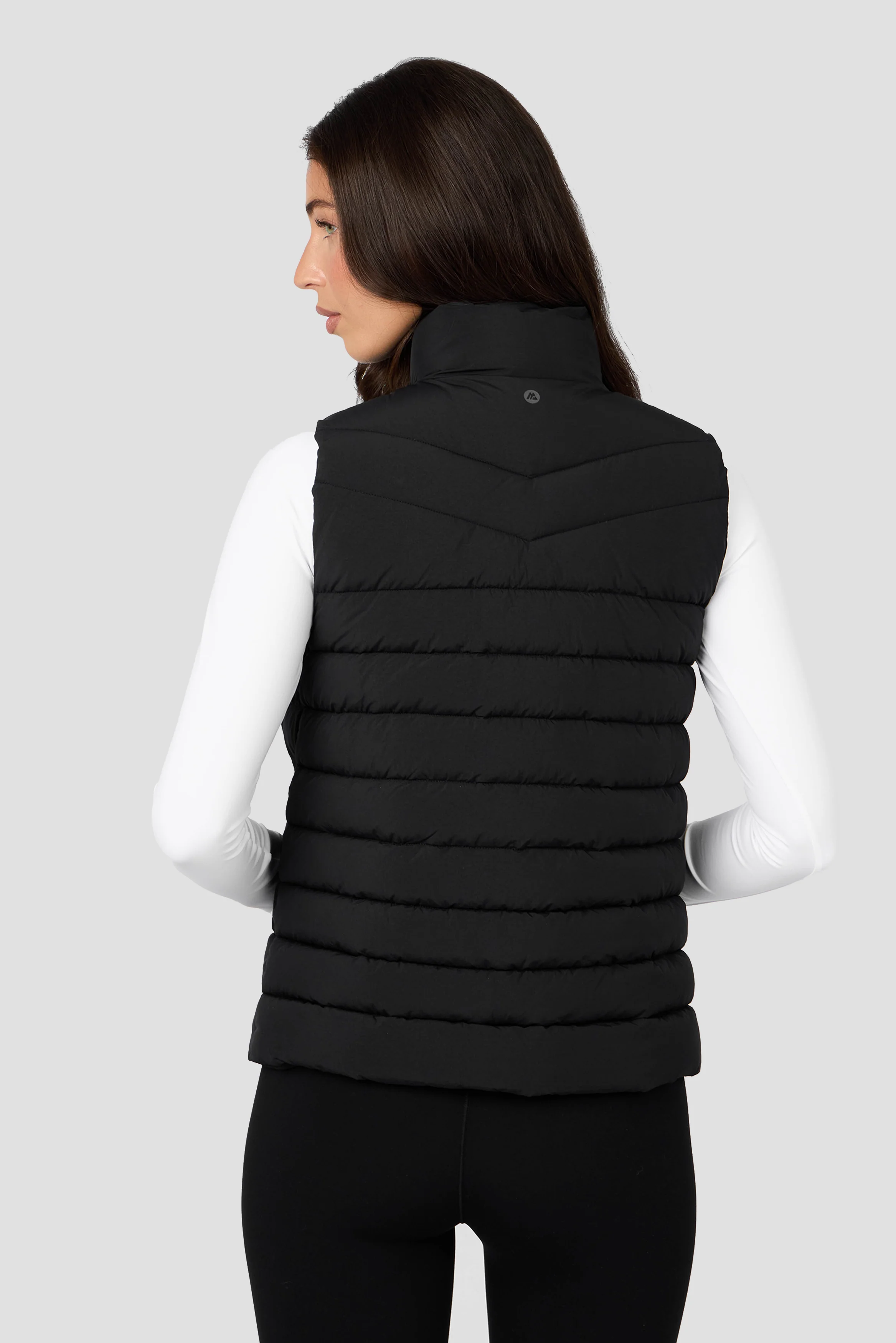 Cirque Fit Vest - Black - Image 2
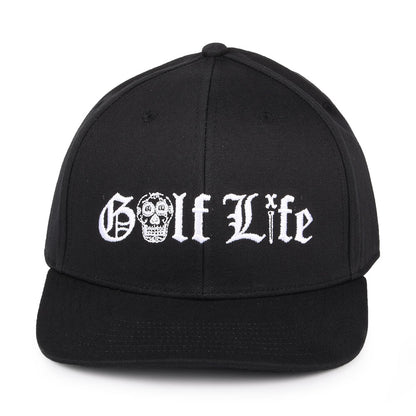 Adidas Golf Life Snapback Cap - Schwarz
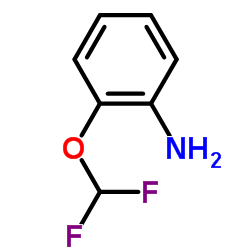 Suministro 2- (difluorometoxi) anilina CAS:22236-04-0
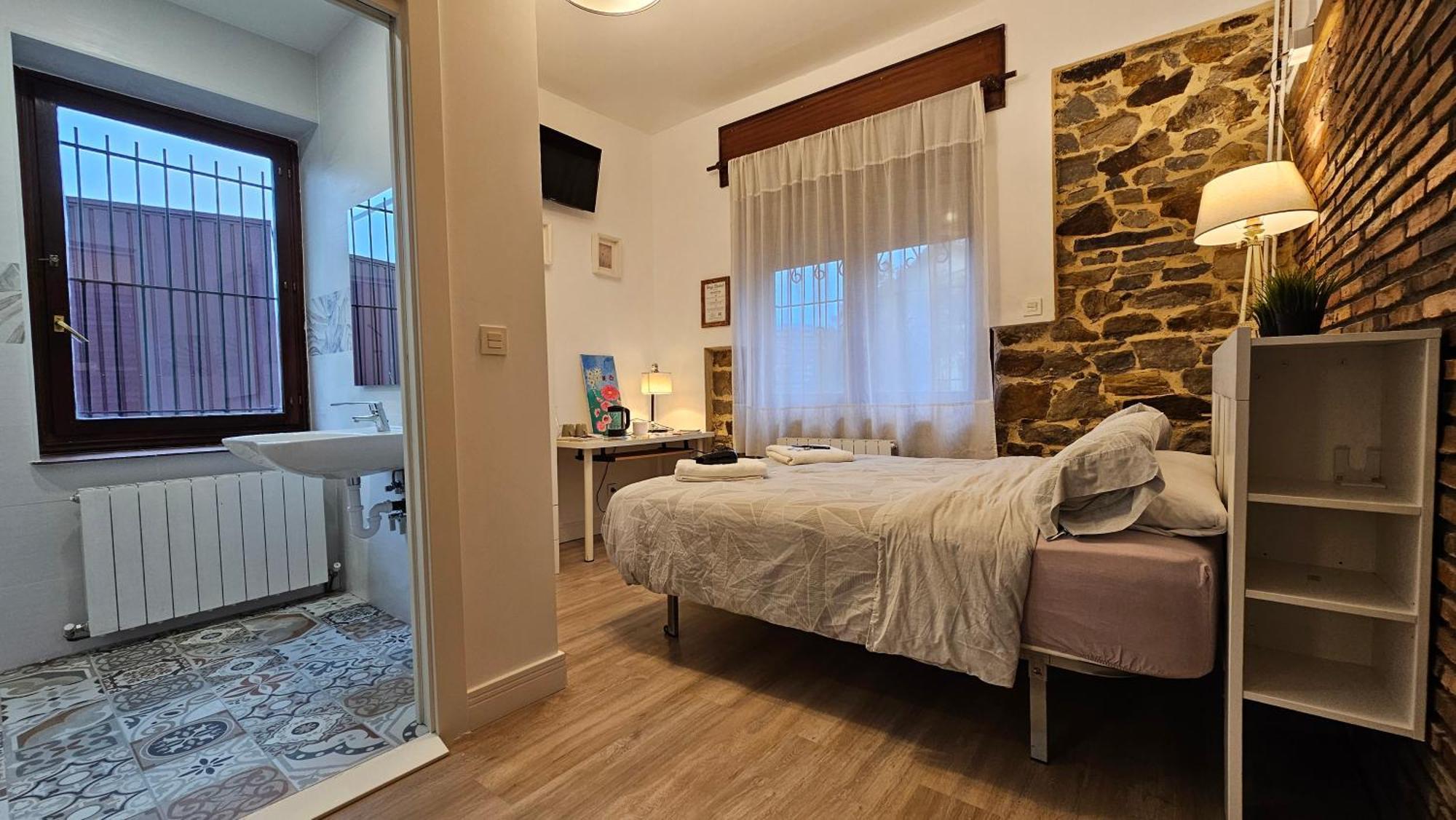 Tuul Etxea Apartman Galdakao Kültér fotó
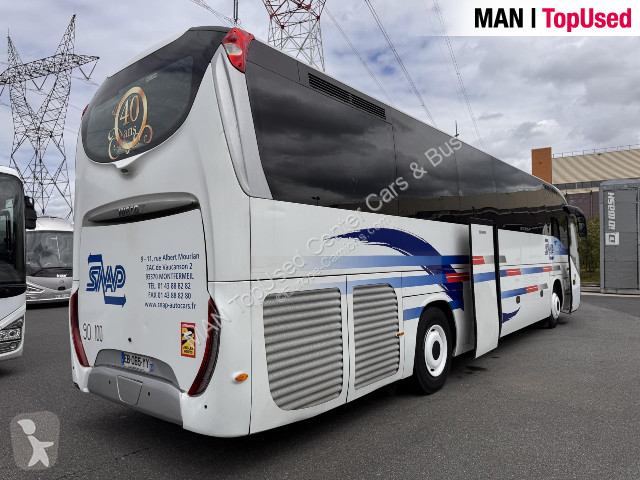 Linjebuss Iveco Magelys 12.30M euro 6/ 53+1+1 pax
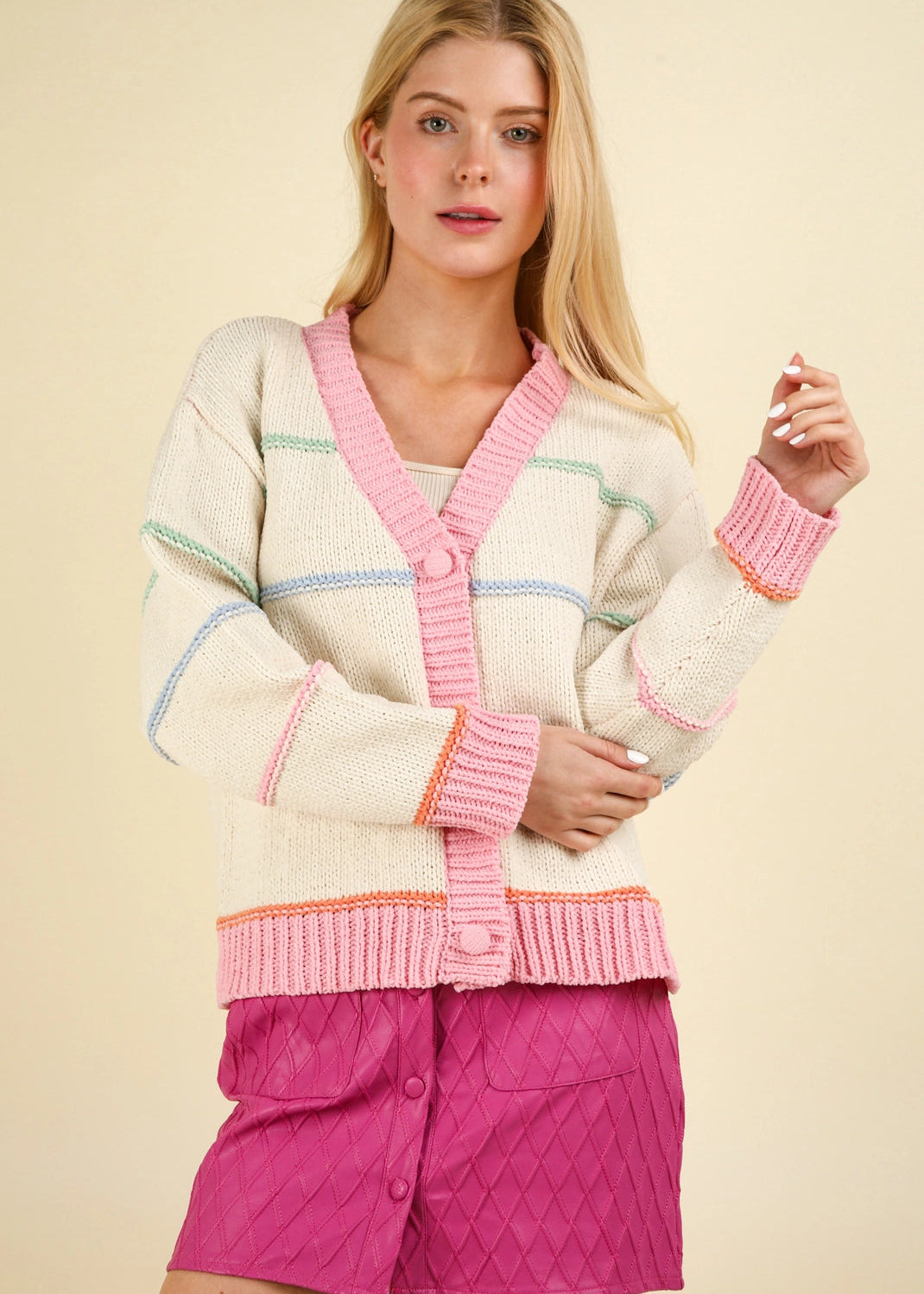 Meadow Sweater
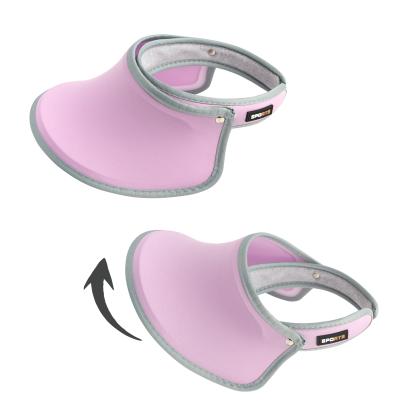 360° Swivel Sun Visor Hat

- [Work task]: To answer, repeat exactly the lines from the line containing "Adidas Golf Life Snapback Cap - Schwarz" through the last line of the data above, leaving out all pictures.

- [Result for this exercise]:
 Adidas Golf Life Snapback Cap - Schwarz
 Suministro 2- (difluorometoxi) anilina CAS:22236-04-0
 Tuul Etxea Apartman Galdakao Kültér fotó
 Linjebuss Iveco Magelys 12.30M euro 6/ 53+1+1 pax
 Meadow Sweater
 360° Swivel Sun Visor Hat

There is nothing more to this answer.